(Short web captions)
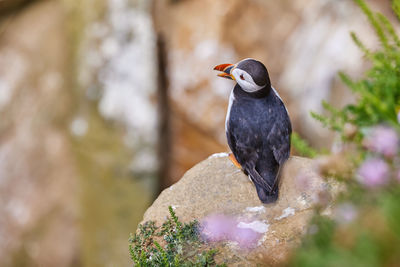 Puffin standing on a rock cliff . fratercula arctica 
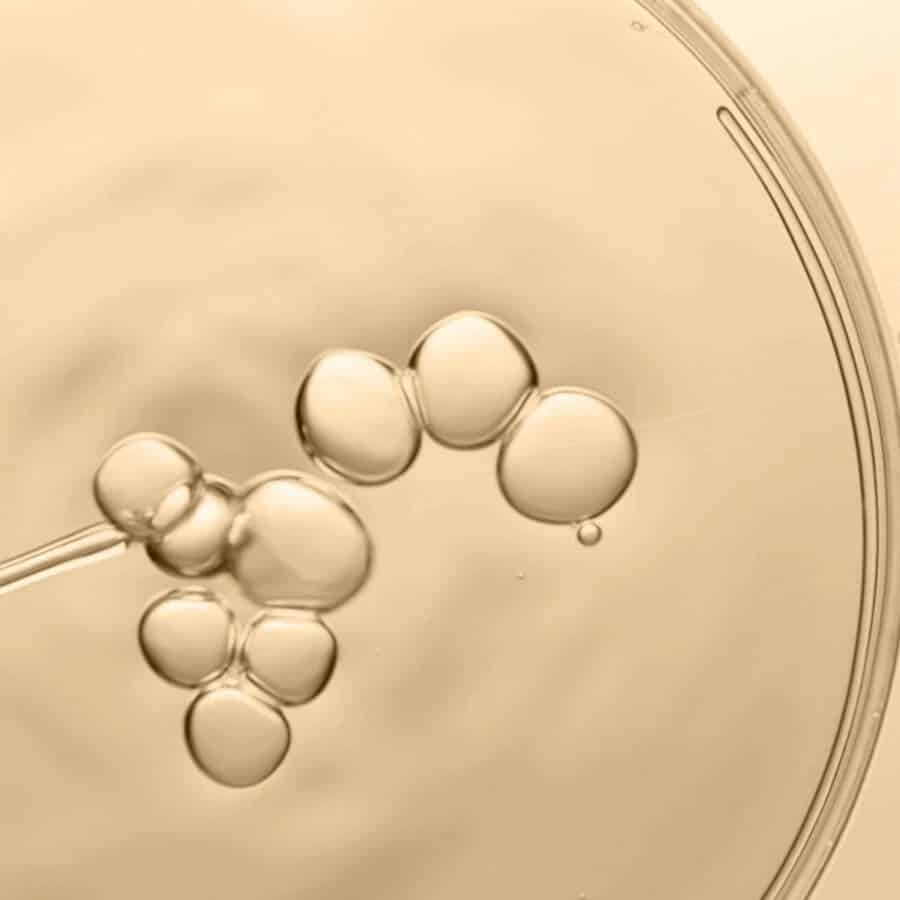 Daily Milkfoliant - Image 11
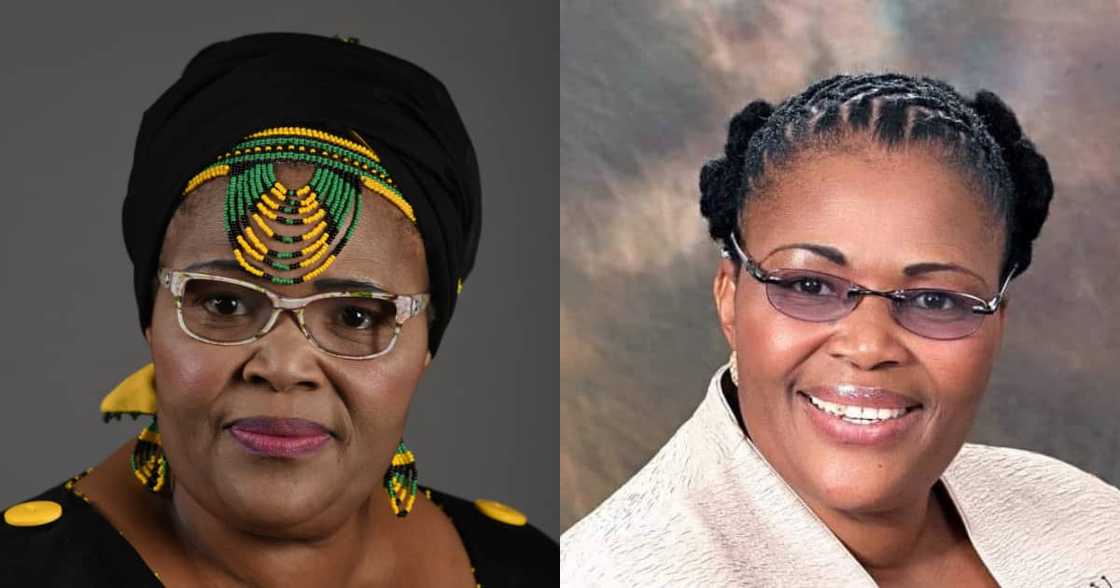 Chaos erupts at Pan African Parliament with fistfights and flying kicks Chaos erupts at Pan African Parliament with fistfights and flying kicks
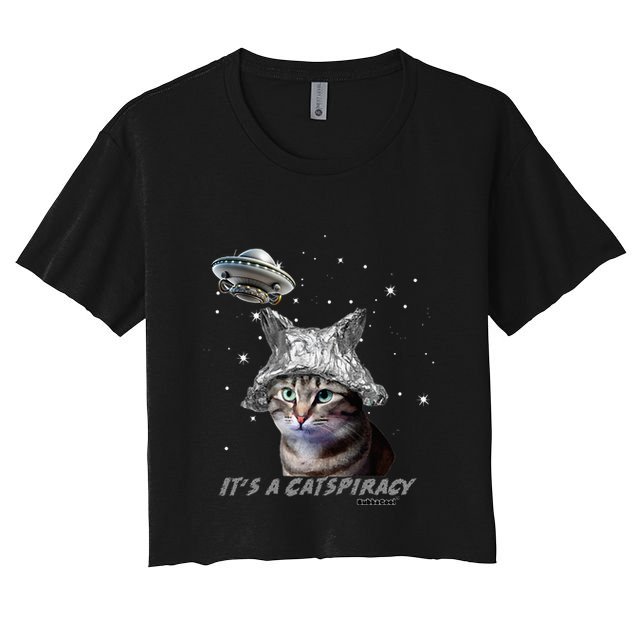Funny Tinfoil Hat Cat Lover Crop Top
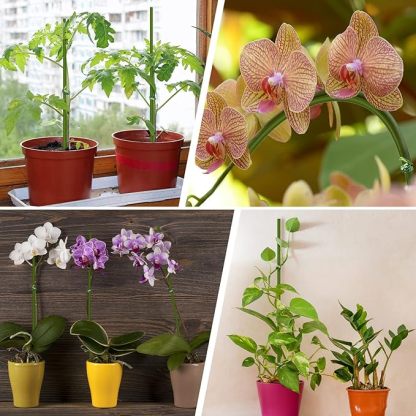 Wavising Pflanze Pfähle, 20Pcs Pflanze Sticks, Garten grün biegsam einzigen Stiel Pflanze Unterstützung Pfähle für Innen-und Außenbereich Pflanzen, Topfpflanzen, Blumen Orchidee Pfingstrose Rose-16 Zoll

### EXERCISE
I would like you to retype exactly the lines running from the one containing "Daily Milkfoliant - Image 11" to the last line of the entries, both included, leaving all pictures out.

### WORKED SOLUTION
 Daily Milkfoliant - Image 11
 Chaos erupts at Pan African Parliament with fistfights and flying kicks Chaos erupts at Pan African Parliament with fistfights and flying kicks
Funny Tinfoil Hat Cat Lover Crop Top
 Wavising Pflanze Pfähle, 20Pcs Pflanze Sticks, Garten grün biegsam einzigen Stiel Pflanze Unterstützung Pfähle für Innen-und Außenbereich Pflanzen, Topfpflanzen, Blumen Orchidee Pfingstrose Rose-16 Zoll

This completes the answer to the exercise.